第二十一話 始祖の勇士オゴスとの対話
深夜、かつてギャレドの氏族が建造した砦は急速に復旧を進めていたが、今はバゼルの指示のもとに全ての作業が中断されていた。腐敗したヤイヴ(※緑肌の小柄な亜人種)たちの死体が積まれた辺りは陣幕で囲われ、山と積まれた遺体の前には倒木を横にした祭壇が設けられ、シカやウサギの生の脚から、ヤイヴたちの好む少し見てくれの悪いキノコ類に、ごく最近の都市部でのヤイヴの料理までが並べられ、緑肌の小柄な亜人種ヤイヴたちの食文化の歴史をたどった形になっている。
さらに、その手前には布を巻いて作られた人間を模した簡素な人形が地べたに安置されていた。

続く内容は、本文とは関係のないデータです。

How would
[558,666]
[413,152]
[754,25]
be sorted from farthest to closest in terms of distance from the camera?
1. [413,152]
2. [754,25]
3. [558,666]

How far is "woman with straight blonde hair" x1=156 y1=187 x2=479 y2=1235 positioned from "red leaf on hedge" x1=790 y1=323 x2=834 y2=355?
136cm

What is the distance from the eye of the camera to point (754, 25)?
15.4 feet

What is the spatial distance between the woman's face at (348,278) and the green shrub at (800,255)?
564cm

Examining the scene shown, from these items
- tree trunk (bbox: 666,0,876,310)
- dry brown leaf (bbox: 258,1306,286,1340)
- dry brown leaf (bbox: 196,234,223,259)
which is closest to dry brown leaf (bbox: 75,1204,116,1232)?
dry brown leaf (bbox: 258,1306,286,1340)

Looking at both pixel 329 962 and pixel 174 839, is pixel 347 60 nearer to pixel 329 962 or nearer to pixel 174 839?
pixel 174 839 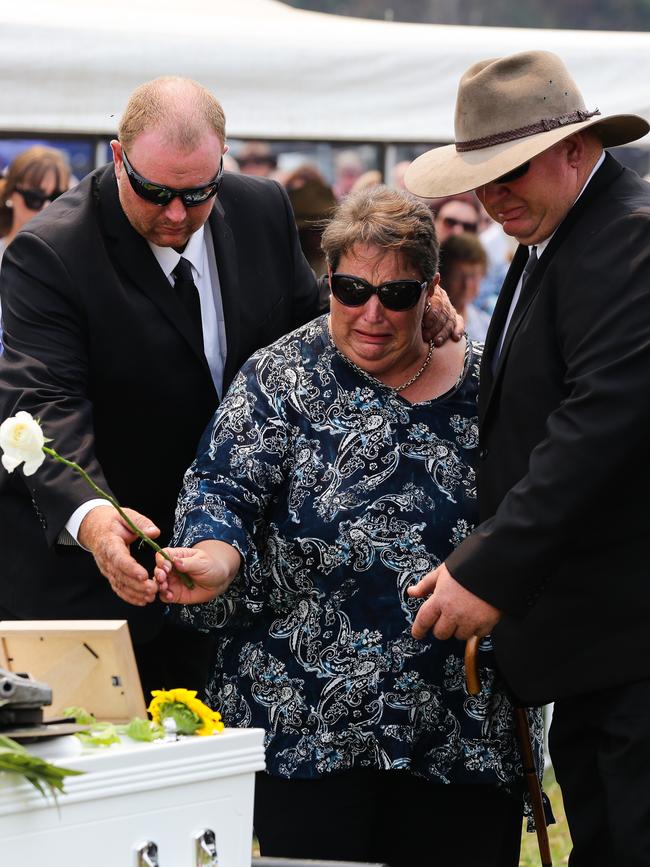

「ほら、ヤイヴの嬢ちゃん、陣幕で覆ってあるから誰にも見えやしないよ。とっとと素っ裸になってこっちに来な」
骨付き肉と共にバゼルの儀式の準備を手伝い終えたゴシュは、緊張した面持ちで硬直していた。
「どうしたんだい?」
「いやーその……父なるオゴスは大食いで女好きって言われてるからさ、あたい……その、『西の櫓』で料理が出来なくなるような事になるのは困るっつうかさ……。ほら、あそこは『純潔の結界』で守られてっからさ」
バゼルは手にしていたワインを喇叭飲みすると、大雑把に口を拭ってため息をついた。
「なんだ、いっちょ前にそんな事を心配していたのかい? これは生々しい婚姻や結縁を伴う儀式じゃないよ。そもオゴスはねぇ、あんたみたいなちんちくりんの小便臭い小娘なんか眼中にないよ。あんたみたいなのの受けがいいのは、若いヤイヴとか、幼い娘が好きな人間の変態くらいだろうさ」
「あっ、なんかちょっと傷ついたぞあたい」
「ヤイヴのくせに繊細なんだね。服を脱ぐってのはね、この儀式がうまくいけば、オゴスはあんたの身体のどこかにおそらく魔法の印章を刻んでくれるからさ。それは見え難い場所の方がいいのさ。……ああ、見え難いって言っても変な場所じゃないよ? それに、裸の心で向き合うってのは大事な事だからね」
「うーん、わかった。あたいも族長の娘だ。ここは覚悟を決めて脱ぐぜ! みんなの仇も討ちたいしな」
「その意気さ」
ゴシュは意を決してすべて脱いで素っ裸になると、丁寧に畳んだ服を地面に置いてバゼルの隣に立った。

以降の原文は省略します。